Though I went to school with Black kids from first through fourth grades, I took the black fuzzy feeling with me. Then, during some poignant middle-school years, I went to school with rich White girls in the suburbs. There I willfully changed my mind and, stopping short of full resolution, began feeling definitely unpretty instead of merely invisible. The solution to this new discomfort came in fantasies in which I led a fawning group of followers down the stately hallway from the dining room to the classroom. I couldn't have articulated why at the time, but in the fantasy I had mixed-girl hair. I loved it! My dream hair floated and billowed and could be tied up in a spirited ponytail. It framed my face in a sympathetic way. It was yielding and giving--the hair that would finally get me asked to dance. With mixed-girl hair in kindergarten, I could have been a black flowing thing instead of a blur on the rug. And I could have floated out of range of so much pain.

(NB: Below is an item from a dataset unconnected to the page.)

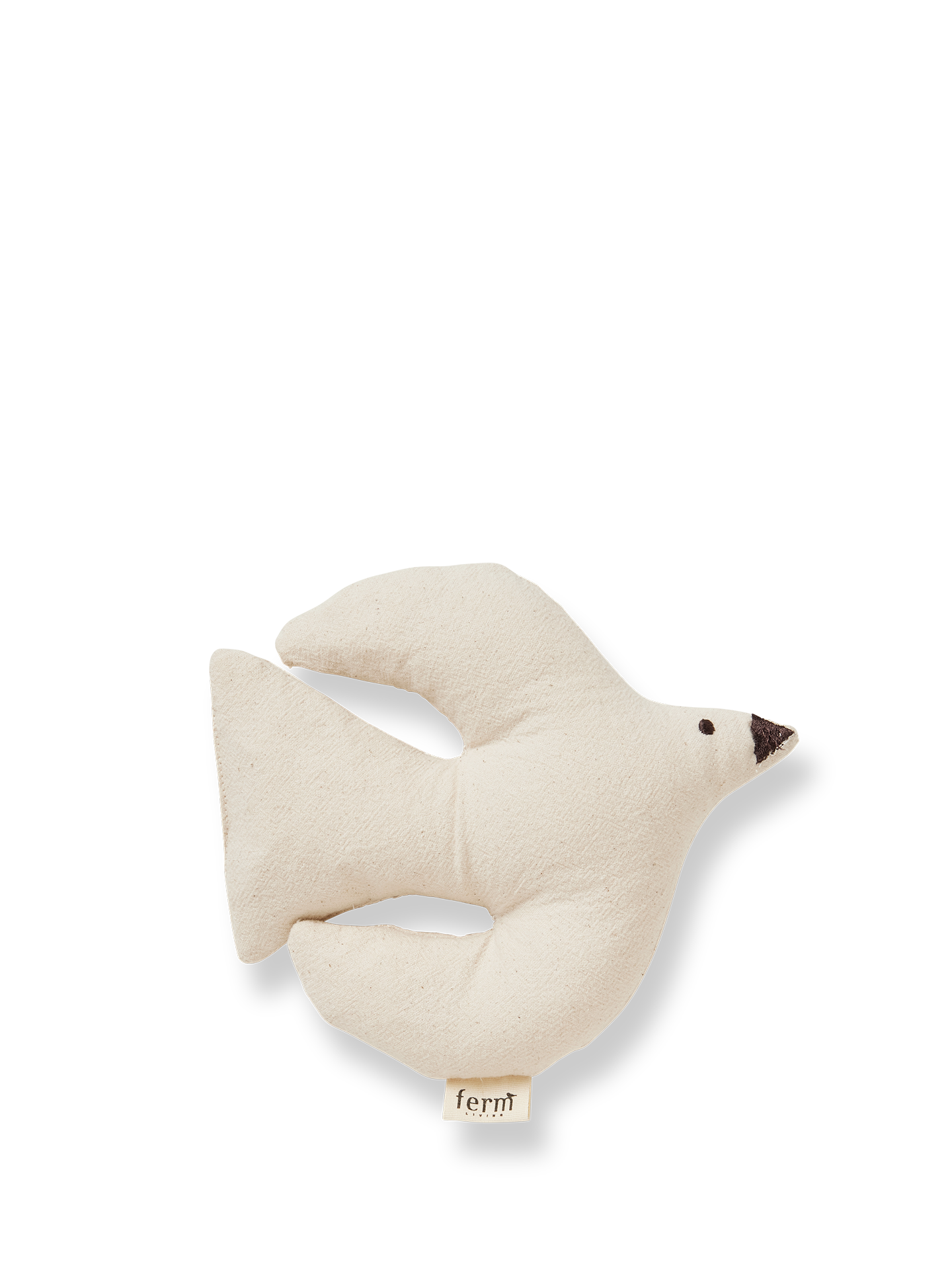 Swif Bird Soft Toy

Recently I was loving myself in the mirror, and my hair suddenly asked me this: Would you like me better if I were not neat dreadlocks that any kinky girl can get, but a soft, blurry swish of obscenely shiny black? I still find that a long, full head of relaxed hair gives me aches. The beauty of that hair still makes me hurt with admiration. I often wish my mother had thought longer about my question that day in the supermarket, maybe told me more of what she went through in the pre-Afro sixties when she had a thin perm, split ends and a goofy smile. I often wish I'd told her more of how I felt about my self, and not only about the day when I was 12 and the Black boys in McDonald's hooted approvingly at my friend with the perm and barked at me. I wish she had told me that the only thing as torturous as holding a standard of beauty you can never fully achieve is holding a standard of consciousness that is sometimes impossible to maintain.